[Saved data entries]
※ ※ ※
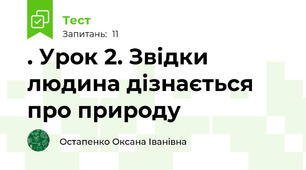 . Урок 2. Звідки людина дізнається про природу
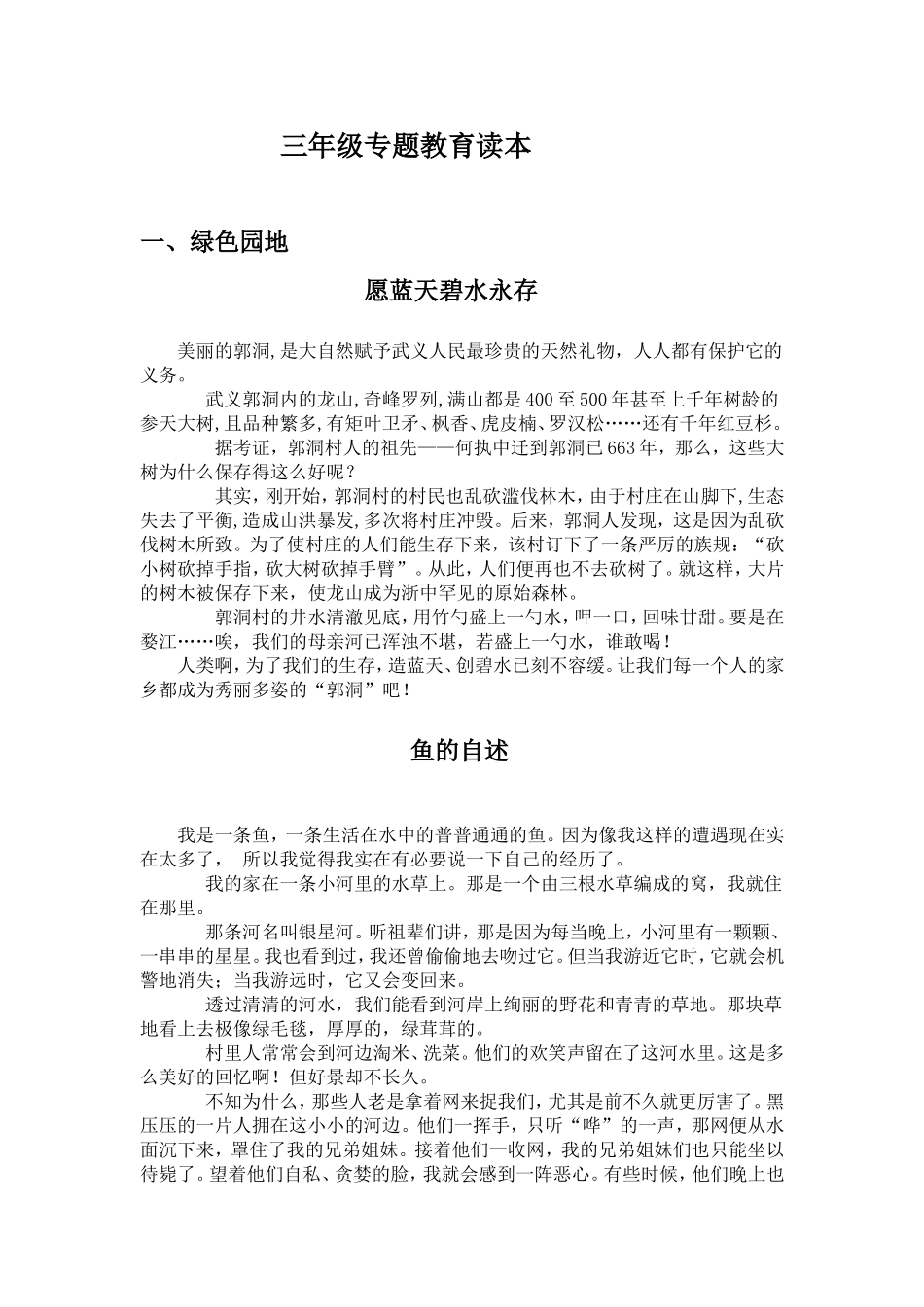 三年级专题教育读本_第1页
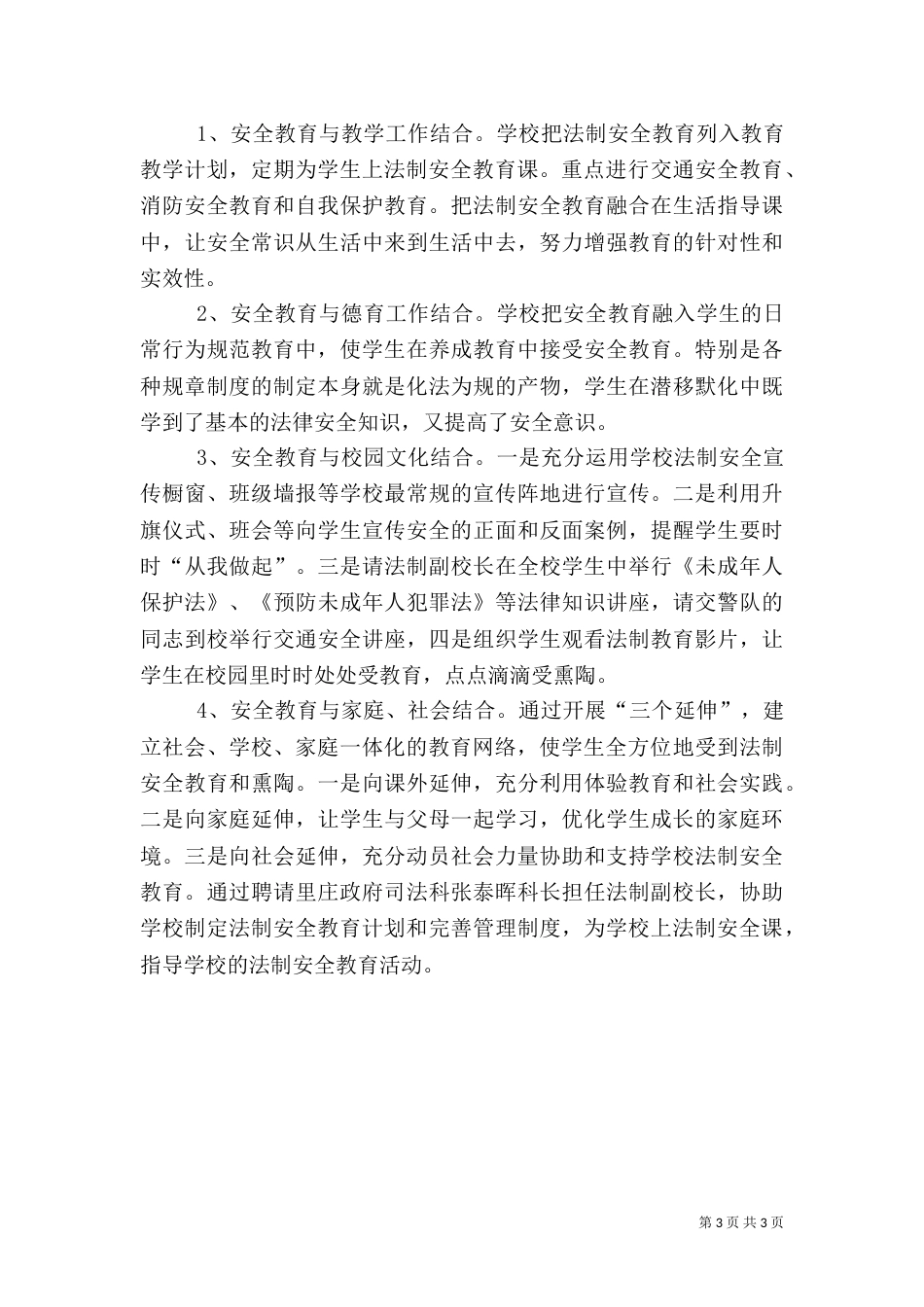创建平安校园工作实施方案_第3页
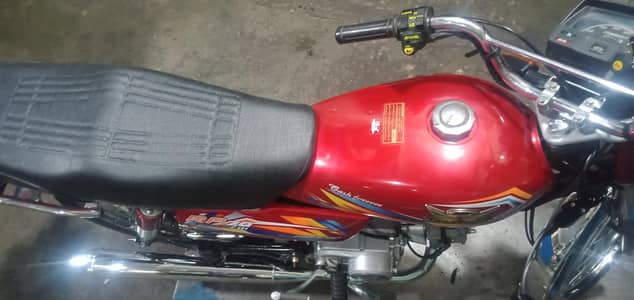 Road prince 2025 Applied for o327*46o*26*86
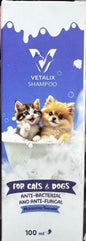 VETALIX PETS/SHAMPOO-100ML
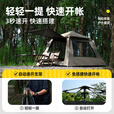 探险者全遮光黑胶帐篷户外野营过夜露营速开便捷装备全套2-3人带充气垫 【5-8人】防晒帐篷+天幕二合一(露营套餐)
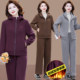 Middle-aged sports suit women's winter warm top mom's winter plus velvet autumn and winter two-piece casual outerwear winter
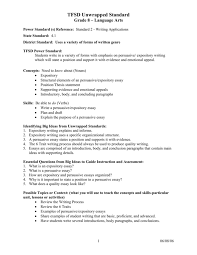 You may not have the clearest idea of your arguments until you've written them, and things can change during the writing process. Tfsd Unwrapped Standard 3rd Math Algebra Sample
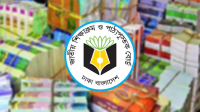 ৩০ নভেম্বরের মধ্যে শতভাগ বই উপজেলায় পৌঁছাবে সরকার, মান রক্ষায় ‘জিরো টলারেন্স’
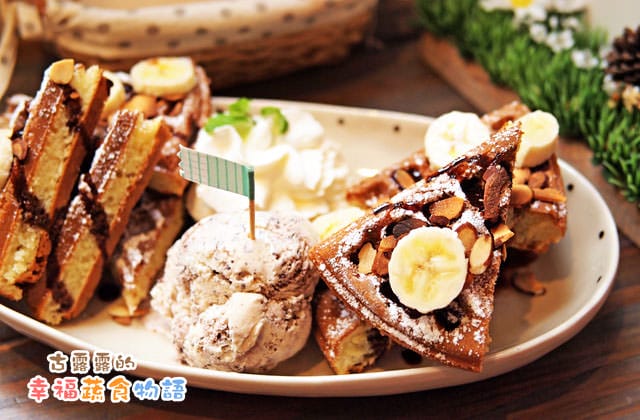 20140913-004小散漫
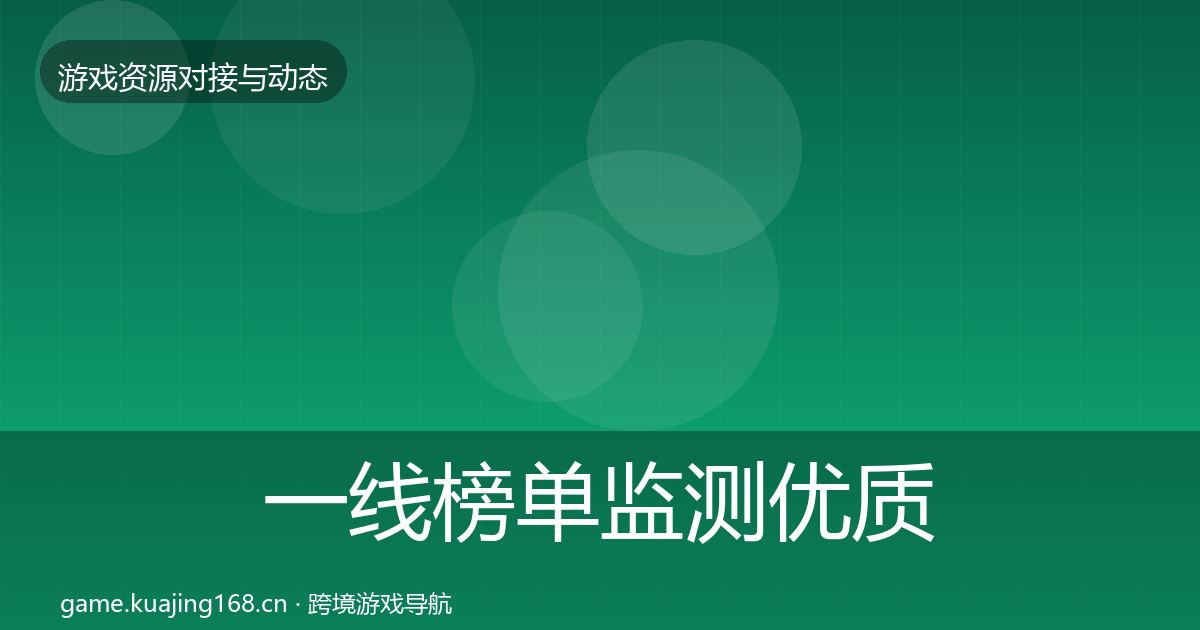 一线榜单监测优质平台推荐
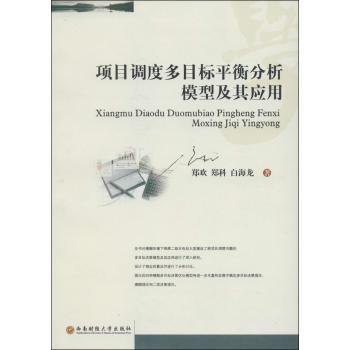 正版项目调度多目标平衡分析模型及其应用郑欢郑科白海龙著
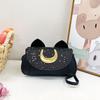 Ears Single Cat Shoulder Crossbody Bag Kids School And Daily Use Accessory Cute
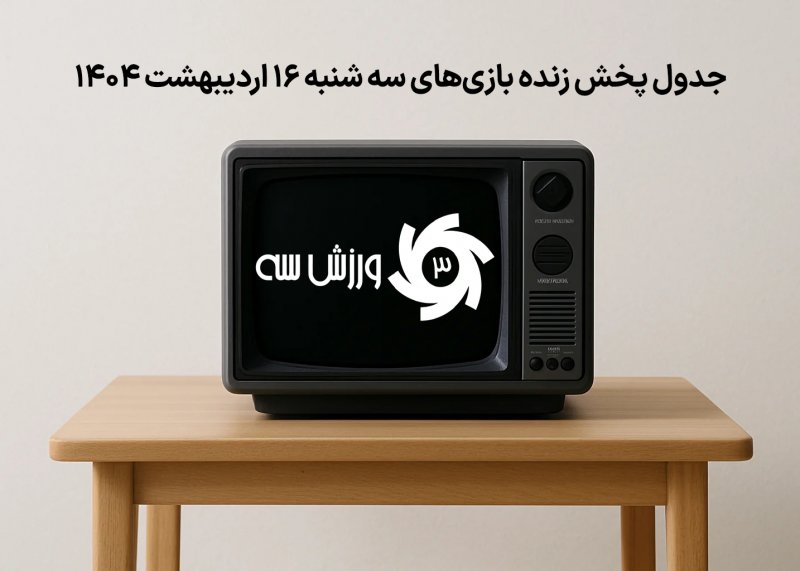 جدول پخش زنده بازی‌های سه‌شنبه 16 اردیبهشت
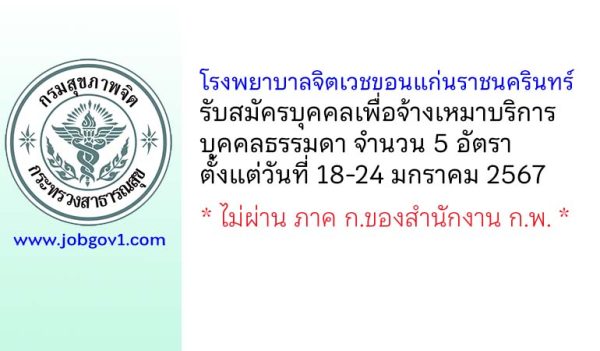 โรงพยาบาลจิตเวชขอนแก่นราชนครินทร์ รับสมัครบุคคลเพื่อจ้างเหมาบริการบุคคลธรรมดา 5 อัตรา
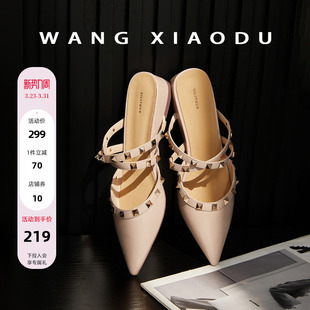 3.5cm尖包头拖鞋 铆钉珍藏 女外穿内增高中空穆勒凉拖 王小毒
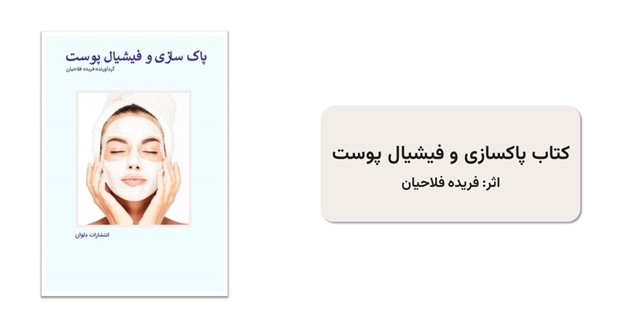 چرا مطالعه کتاب های آرایش و زیبایی اهمیت دارد؟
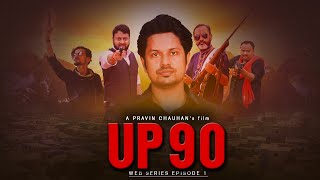 UP90 Web Series - Episode 1 | Pravin Chauhan  | Sanjay Nigam Akela, Atul Mohan | Web Series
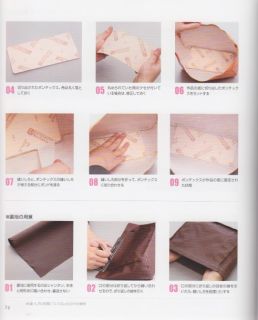 Leather Craft Technique Encyclopaedia Vol 2 Japanese Leathercraft Book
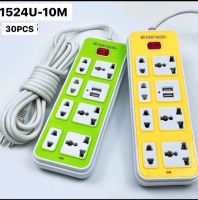 ปลั๊กไฟ 7 ช่อง ปลั๊กไฟ USB ปลั๊กไฟพ่วง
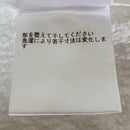 Ballsey Short Sleeve 25Ss 36 Used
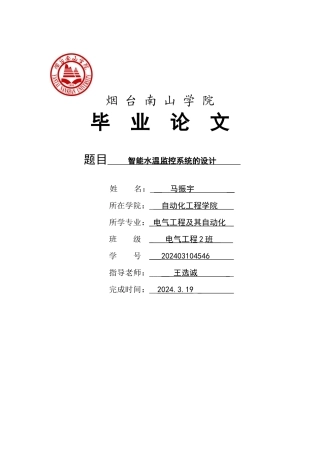 智能水温监控系统的设计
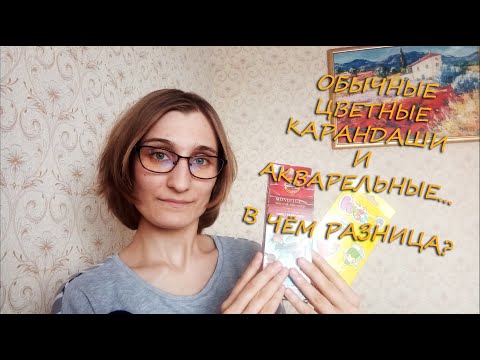 Видео: Обычные цветные карандаши и акварельные... В чём разница?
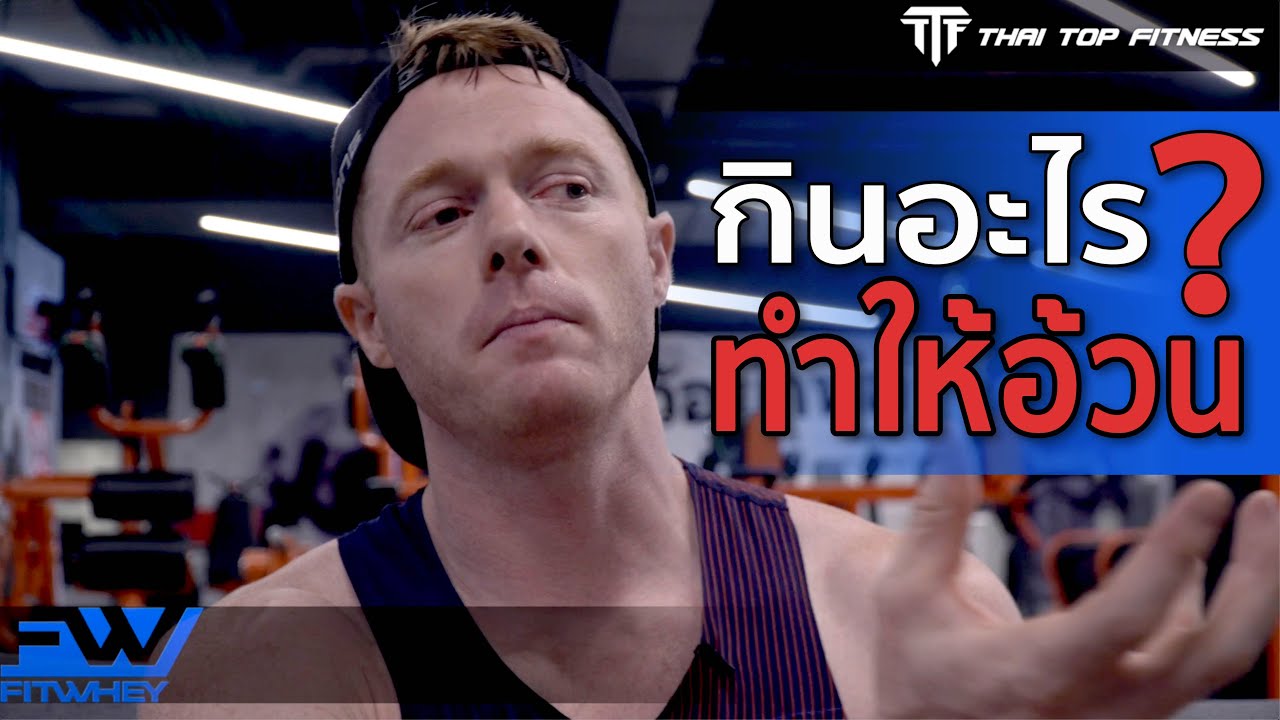 TTF EP143: กินอะไรทำให้อ้วน? | สังเคราะห์เนื้อหาที่ถูกต้องที่สุดเกี่ยวกับอาหาร ทำให้ อ้วน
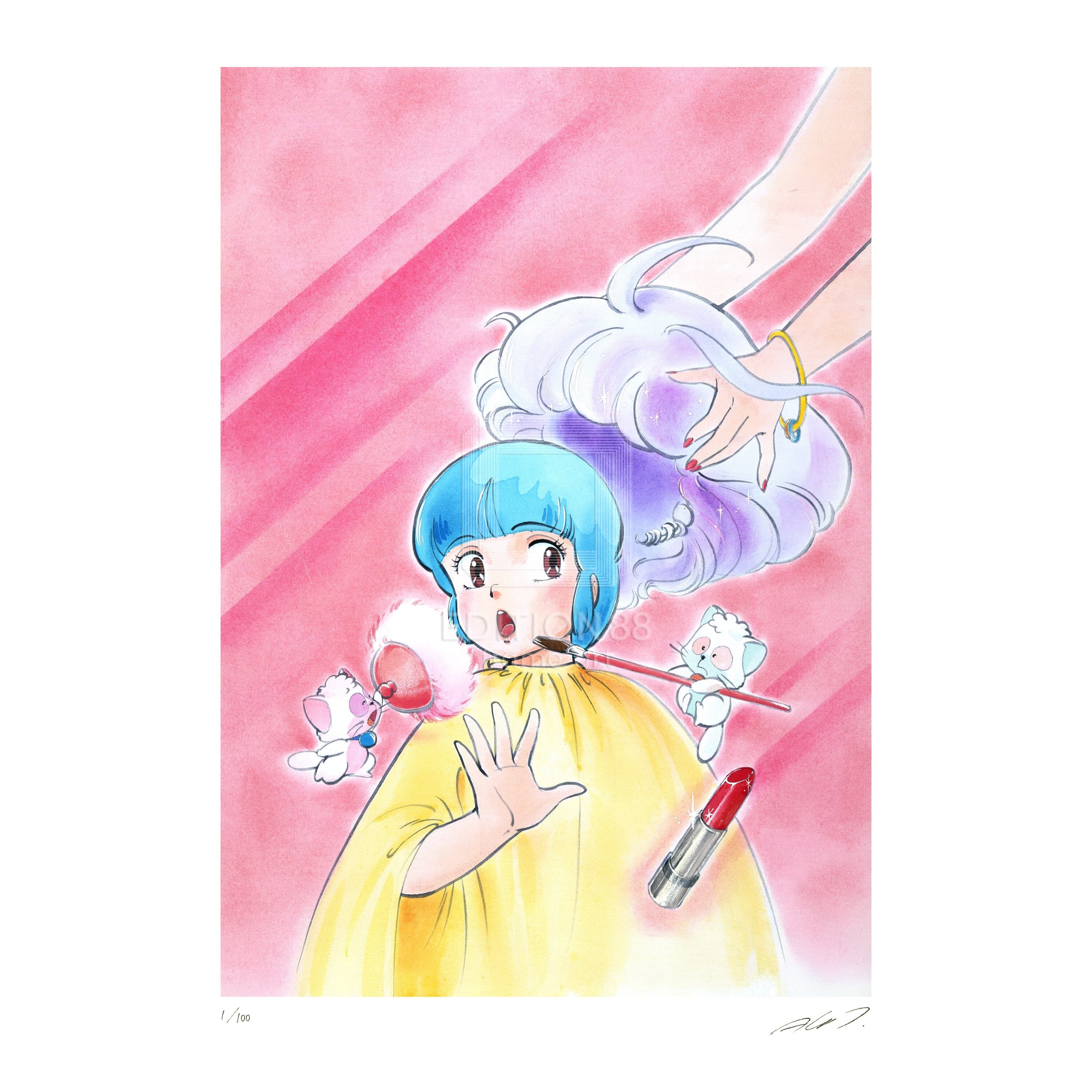 直筆サイン入り版画『魔法の天使クリィミーマミ パジャマのままで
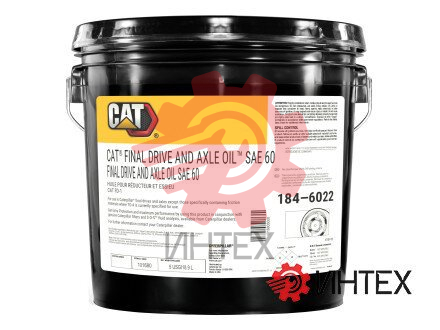 Cat® FDAO 60 (5 галл.) 184-6022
※ ※ ※
:: AIM OF THE TASK ::
All entries above are to be restated exactly, with every image omitted.

:: OUTPUT ::
 . Урок 2. Звідки людина дізнається про природу
 三年级专题教育读本_第1页
创建平安校园工作实施方案_第3页
 Road prince 2025 Applied for o327*46o*26*86
 VETALIX PETS/SHAMPOO-100ML
 探险者全遮光黑胶帐篷户外野营过夜露营速开便捷装备全套2-3人带充气垫 【5-8人】防晒帐篷+天幕二合一(露营套餐)
 Middle-aged sports suit women's winter warm top mom's winter plus velvet autumn and winter two-piece casual outerwear winter
 You may not have the clearest idea of your arguments until you've written them, and things can change during the writing process. Tfsd Unwrapped Standard 3rd Math Algebra Sample
 ৩০ নভেম্বরের মধ্যে শতভাগ বই উপজেলায় পৌঁছাবে সরকার, মান রক্ষায় ‘জিরো টলারেন্স’
 20140913-004小散漫
 一线榜单监测优质平台推荐
 正版项目调度多目标平衡分析模型及其应用郑欢郑科白海龙著
 Ears Single Cat Shoulder Crossbody Bag Kids School And Daily Use Accessory Cute
 جدول پخش زنده بازی‌های سه‌شنبه 16 اردیبهشت
 โรงพยาบาลจิตเวชขอนแก่นราชนครินทร์ รับสมัครบุคคลเพื่อจ้างเหมาบริการบุคคลธรรมดา 5 อัตรา
 3.5cm尖包头拖鞋 铆钉珍藏 女外穿内增高中空穆勒凉拖 王小毒
 چرا مطالعه کتاب های آرایش و زیبایی اهمیت دارد؟
 UP90 Web Series - Episode 1 | Pravin Chauhan  | Sanjay Nigam Akela, Atul Mohan | Web Series
 Leather Craft Technique Encyclopaedia Vol 2 Japanese Leathercraft Book
 ปลั๊กไฟ 7 ช่อง ปลั๊กไฟ USB ปลั๊กไฟพ่วง
 Ballsey Short Sleeve 25Ss 36 Used
 智能水温监控系统的设计
 Видео: Обычные цветные карандаши и акварельные... В чём разница?
 TTF EP143: กินอะไรทำให้อ้วน? | สังเคราะห์เนื้อหาที่ถูกต้องที่สุดเกี่ยวกับอาหาร ทำให้ อ้วน
 直筆サイン入り版画『魔法の天使クリィミーマミ パジャマのままで
 Cat® FDAO 60 (5 галл.) 184-6022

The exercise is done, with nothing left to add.